**Information provided:**
○ ○ ○ ○

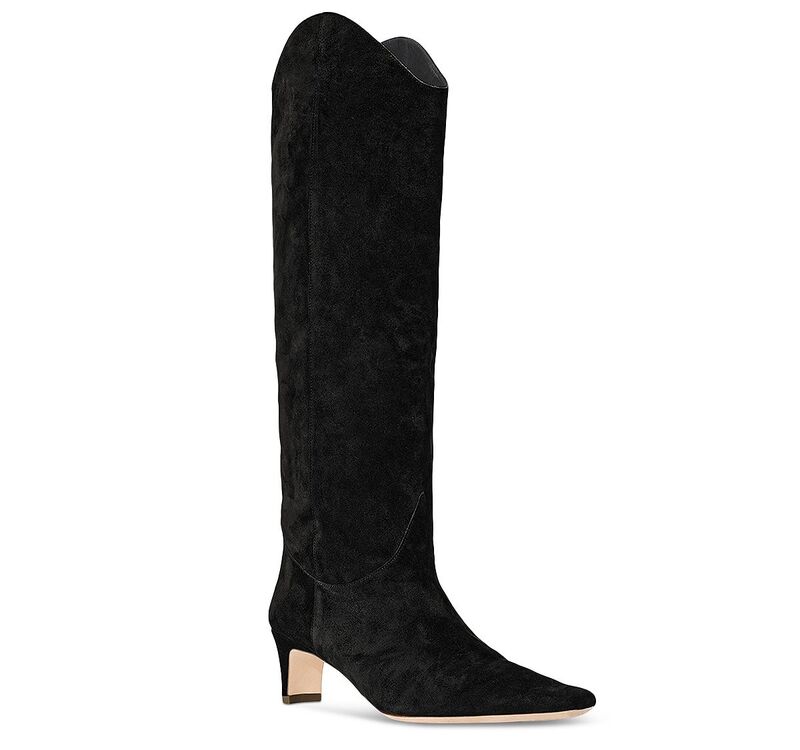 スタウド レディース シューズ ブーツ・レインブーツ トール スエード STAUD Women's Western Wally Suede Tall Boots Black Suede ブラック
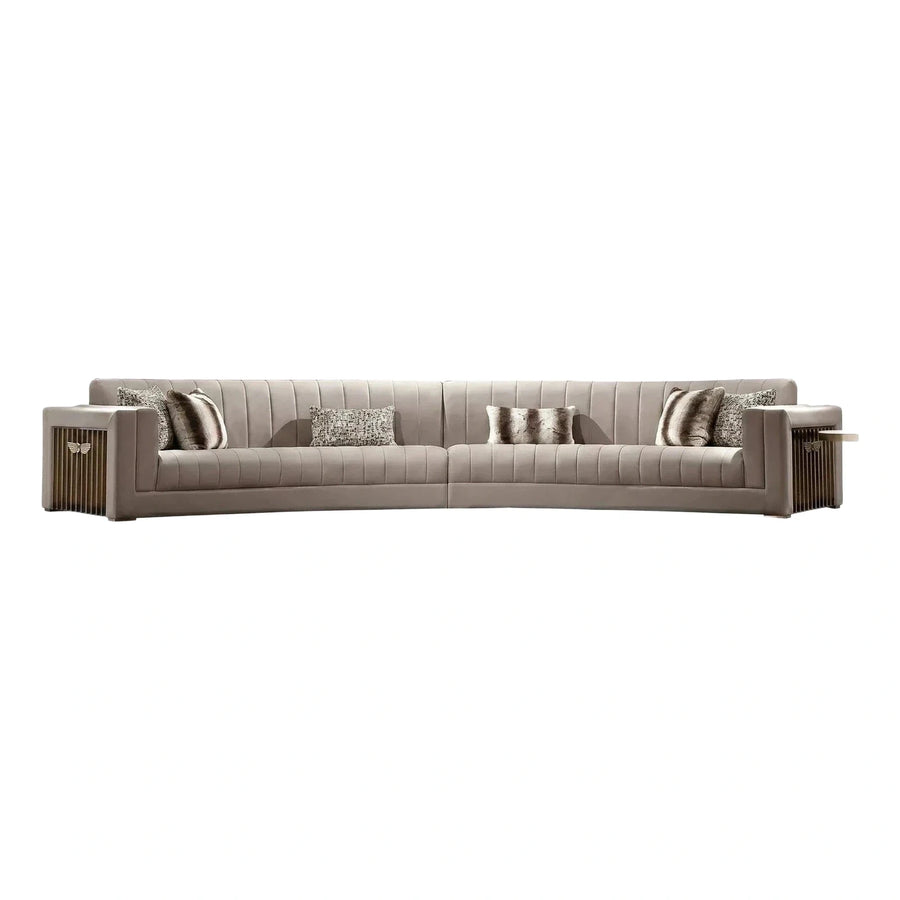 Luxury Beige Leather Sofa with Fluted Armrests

○ ○ ○ ○

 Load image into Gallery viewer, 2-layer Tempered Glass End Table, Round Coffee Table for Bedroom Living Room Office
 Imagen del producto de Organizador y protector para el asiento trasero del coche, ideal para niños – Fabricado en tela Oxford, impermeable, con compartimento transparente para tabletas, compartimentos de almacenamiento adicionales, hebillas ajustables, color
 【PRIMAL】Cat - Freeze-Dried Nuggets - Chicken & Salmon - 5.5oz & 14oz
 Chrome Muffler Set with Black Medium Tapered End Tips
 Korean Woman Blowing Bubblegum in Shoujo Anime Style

○ ○ ○ ○

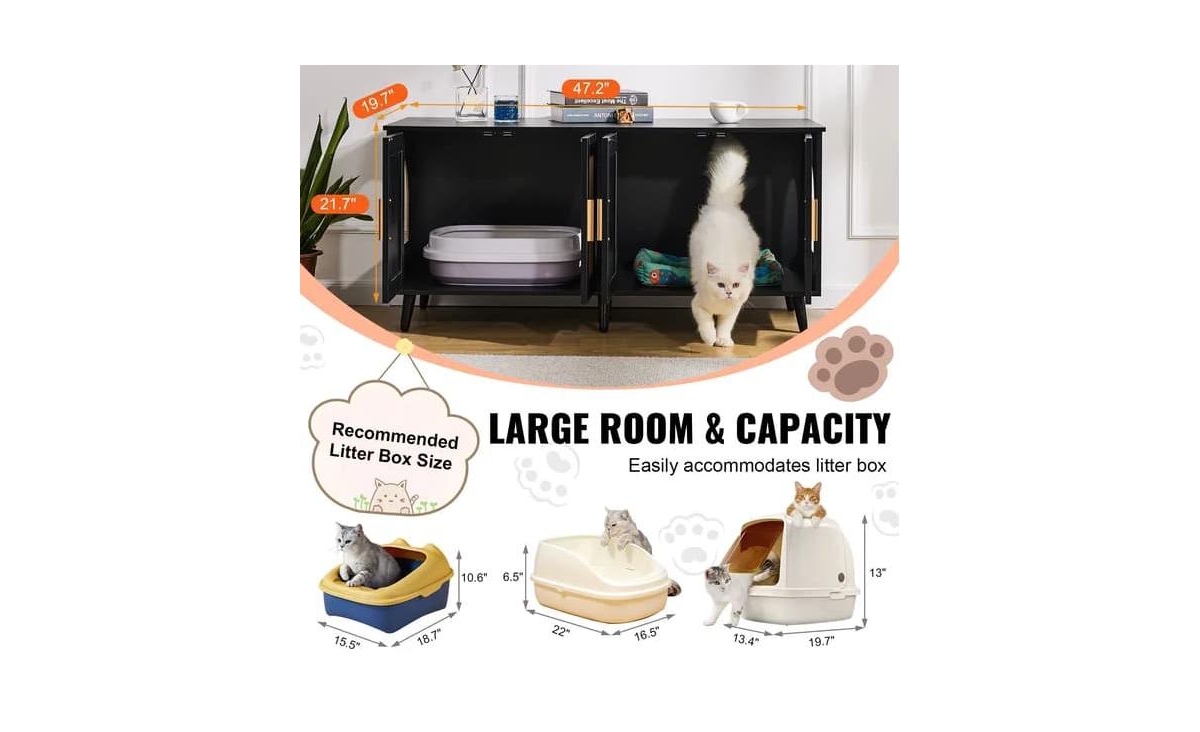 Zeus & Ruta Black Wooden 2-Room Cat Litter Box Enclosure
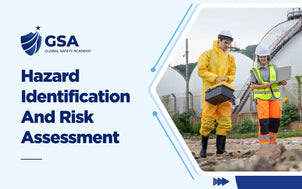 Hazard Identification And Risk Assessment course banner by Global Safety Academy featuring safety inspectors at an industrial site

○ ○ ○ ○

**What you are asked to do:**
Working from the records above, set down word for word everything from the line containing "スタウド レディース シューズ" down to the line containing "Luxury Beige Leather", ends included, minus the pictures.

**Your solution:**
 スタウド レディース シューズ ブーツ・レインブーツ トール スエード STAUD Women's Western Wally Suede Tall Boots Black Suede ブラック
 Luxury Beige Leather Sofa with Fluted Armrests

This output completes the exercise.